REQUIREMENT: Your reply should be the whole listing, copied exactly, with the pictures left out.

DATASET:
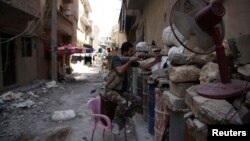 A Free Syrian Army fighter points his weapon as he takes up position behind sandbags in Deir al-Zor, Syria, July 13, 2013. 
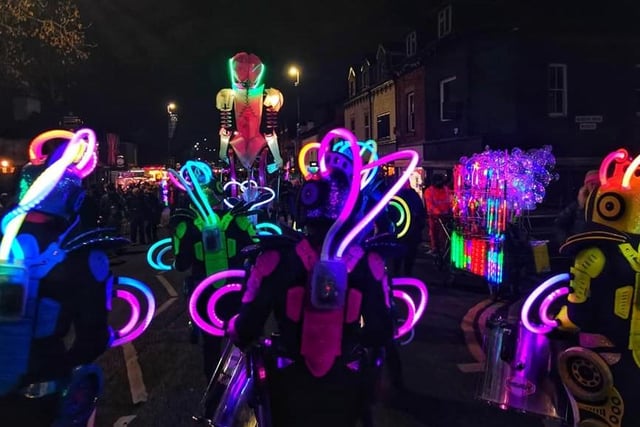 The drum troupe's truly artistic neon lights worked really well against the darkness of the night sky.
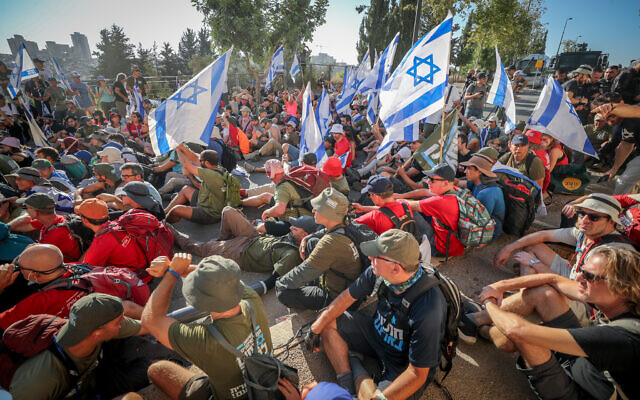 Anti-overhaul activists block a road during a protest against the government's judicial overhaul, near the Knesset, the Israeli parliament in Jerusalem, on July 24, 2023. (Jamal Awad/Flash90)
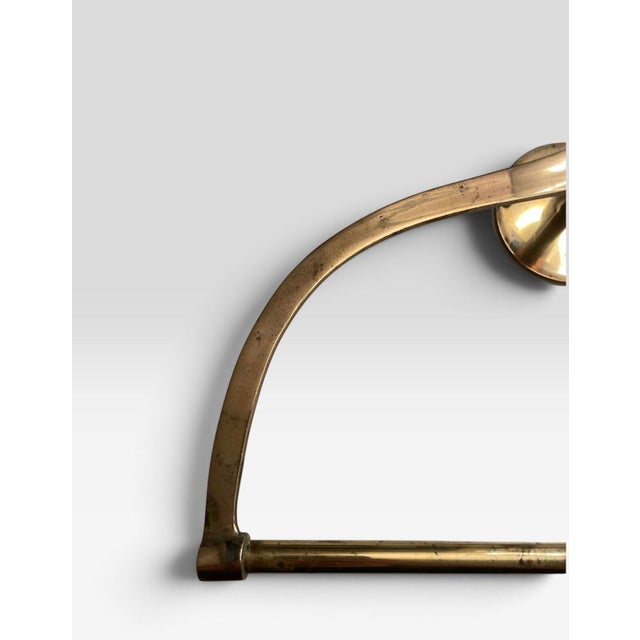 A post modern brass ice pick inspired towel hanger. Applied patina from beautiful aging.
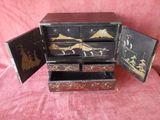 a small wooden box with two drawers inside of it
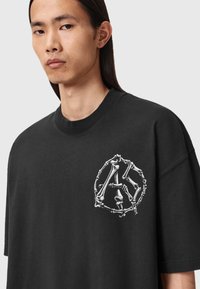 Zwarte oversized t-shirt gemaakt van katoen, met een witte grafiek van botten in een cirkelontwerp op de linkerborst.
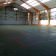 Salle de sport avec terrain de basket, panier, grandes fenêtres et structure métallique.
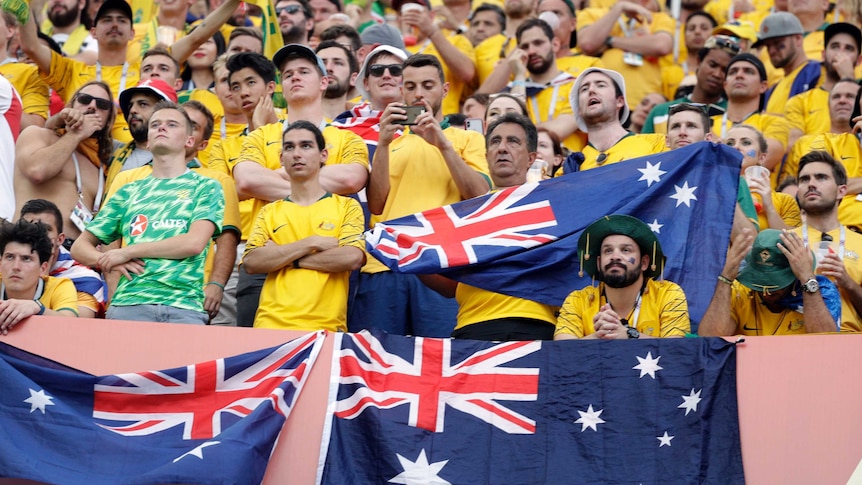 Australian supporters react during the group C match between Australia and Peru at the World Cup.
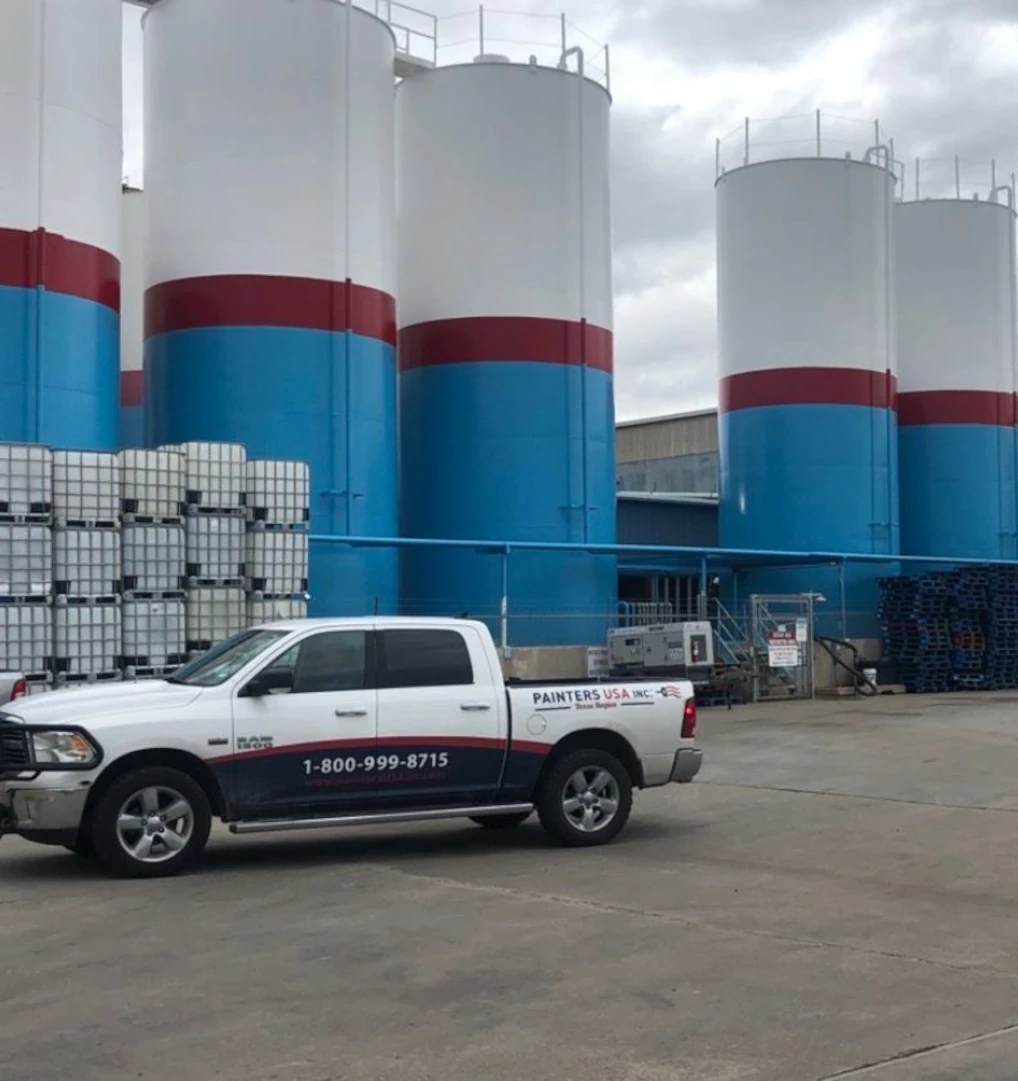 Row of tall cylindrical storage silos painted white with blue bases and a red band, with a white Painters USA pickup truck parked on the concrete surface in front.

EXERCISE OUTPUT:
 A Free Syrian Army fighter points his weapon as he takes up position behind sandbags in Deir al-Zor, Syria, July 13, 2013. 
 The drum troupe's truly artistic neon lights worked really well against the darkness of the night sky.
 Anti-overhaul activists block a road during a protest against the government's judicial overhaul, near the Knesset, the Israeli parliament in Jerusalem, on July 24, 2023. (Jamal Awad/Flash90)
 A post modern brass ice pick inspired towel hanger. Applied patina from beautiful aging.
 a small wooden box with two drawers inside of it
 Zwarte oversized t-shirt gemaakt van katoen, met een witte grafiek van botten in een cirkelontwerp op de linkerborst.
 Salle de sport avec terrain de basket, panier, grandes fenêtres et structure métallique.
 Australian supporters react during the group C match between Australia and Peru at the World Cup.
 Row of tall cylindrical storage silos painted white with blue bases and a red band, with a white Painters USA pickup truck parked on the concrete surface in front.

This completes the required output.